### Task to complete
The text of every record, exactly as given and with no pictures, should be your output.

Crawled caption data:
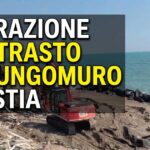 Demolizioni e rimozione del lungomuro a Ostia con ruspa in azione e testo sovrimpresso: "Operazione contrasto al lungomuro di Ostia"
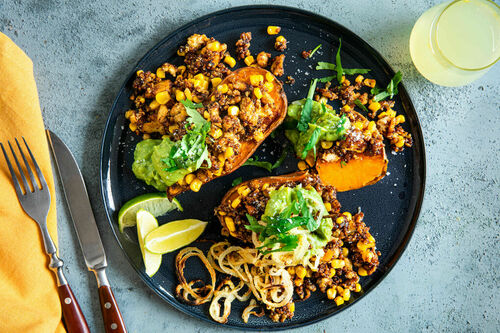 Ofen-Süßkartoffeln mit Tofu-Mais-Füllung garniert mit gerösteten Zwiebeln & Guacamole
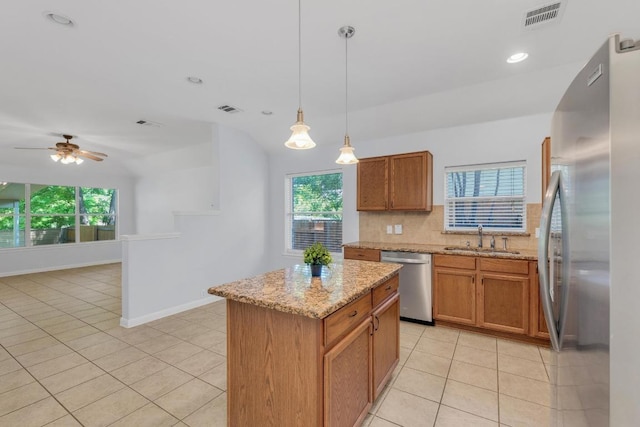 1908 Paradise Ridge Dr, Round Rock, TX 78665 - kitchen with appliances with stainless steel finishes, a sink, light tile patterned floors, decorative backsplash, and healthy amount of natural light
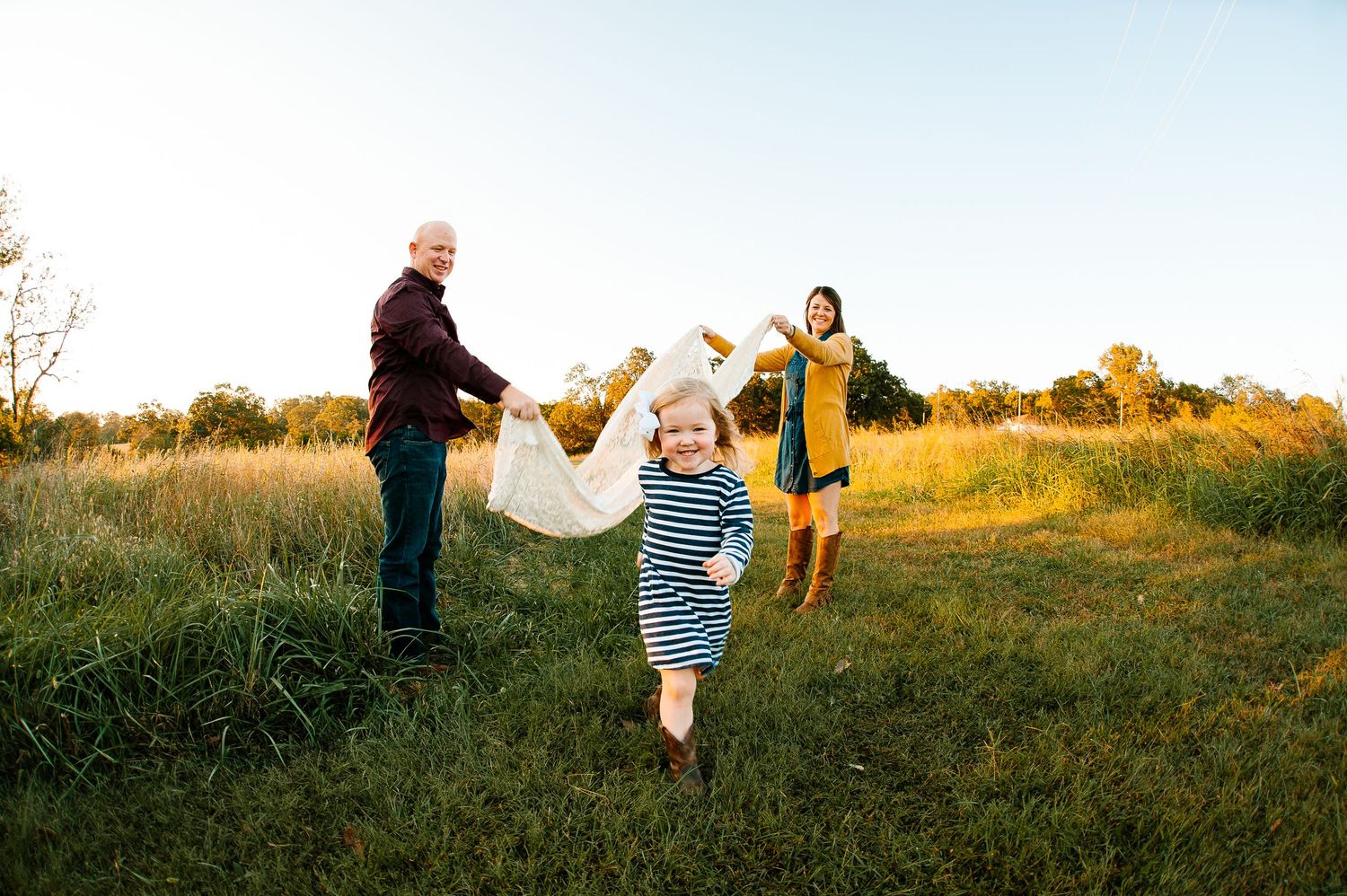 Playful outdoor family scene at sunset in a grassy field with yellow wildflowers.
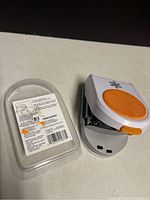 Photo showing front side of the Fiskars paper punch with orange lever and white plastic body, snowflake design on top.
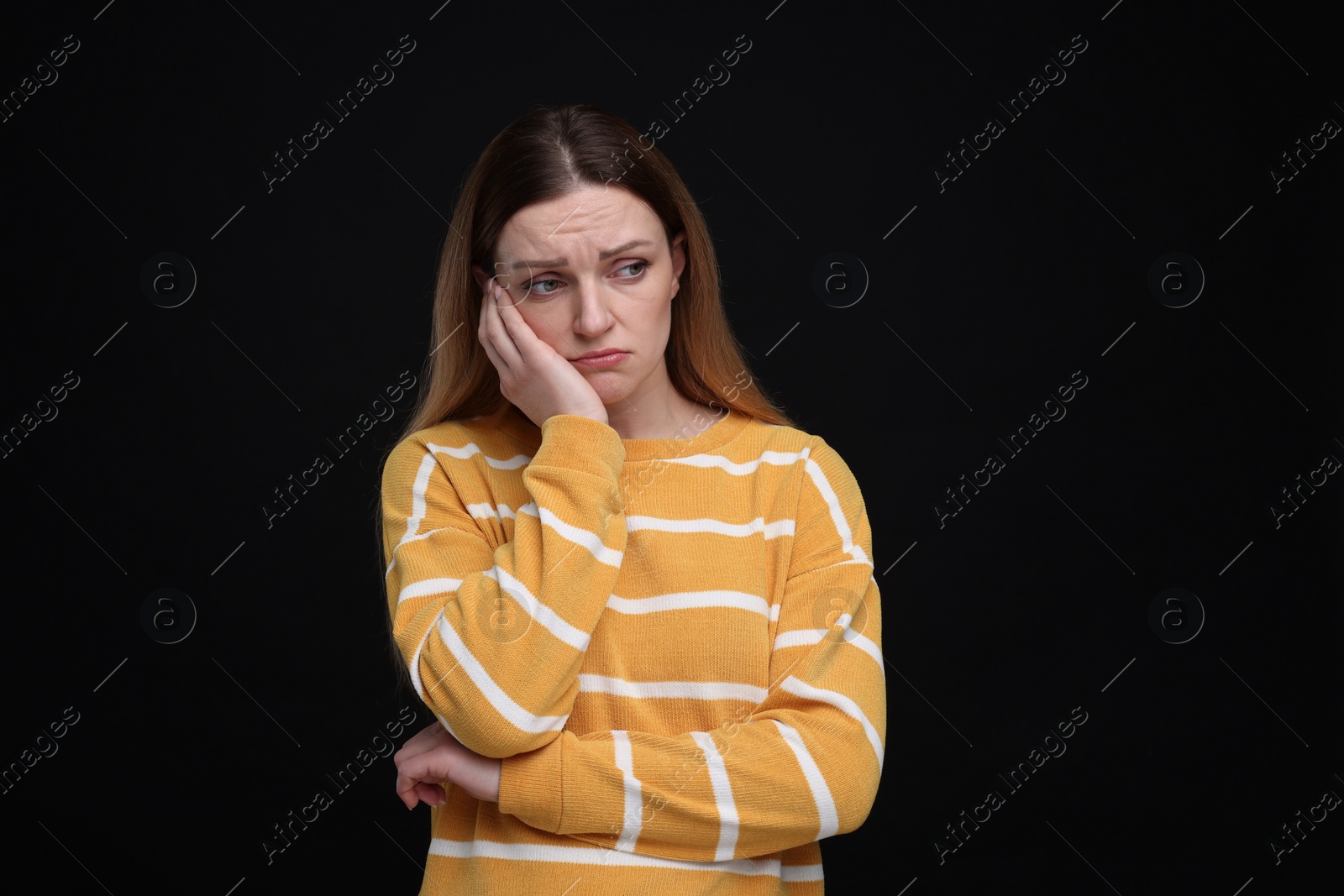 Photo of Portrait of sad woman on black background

### Response
 Demolizioni e rimozione del lungomuro a Ostia con ruspa in azione e testo sovrimpresso: "Operazione contrasto al lungomuro di Ostia"
 Ofen-Süßkartoffeln mit Tofu-Mais-Füllung garniert mit gerösteten Zwiebeln & Guacamole
 1908 Paradise Ridge Dr, Round Rock, TX 78665 - kitchen with appliances with stainless steel finishes, a sink, light tile patterned floors, decorative backsplash, and healthy amount of natural light
 Playful outdoor family scene at sunset in a grassy field with yellow wildflowers.
 Photo showing front side of the Fiskars paper punch with orange lever and white plastic body, snowflake design on top.
 Photo of Portrait of sad woman on black background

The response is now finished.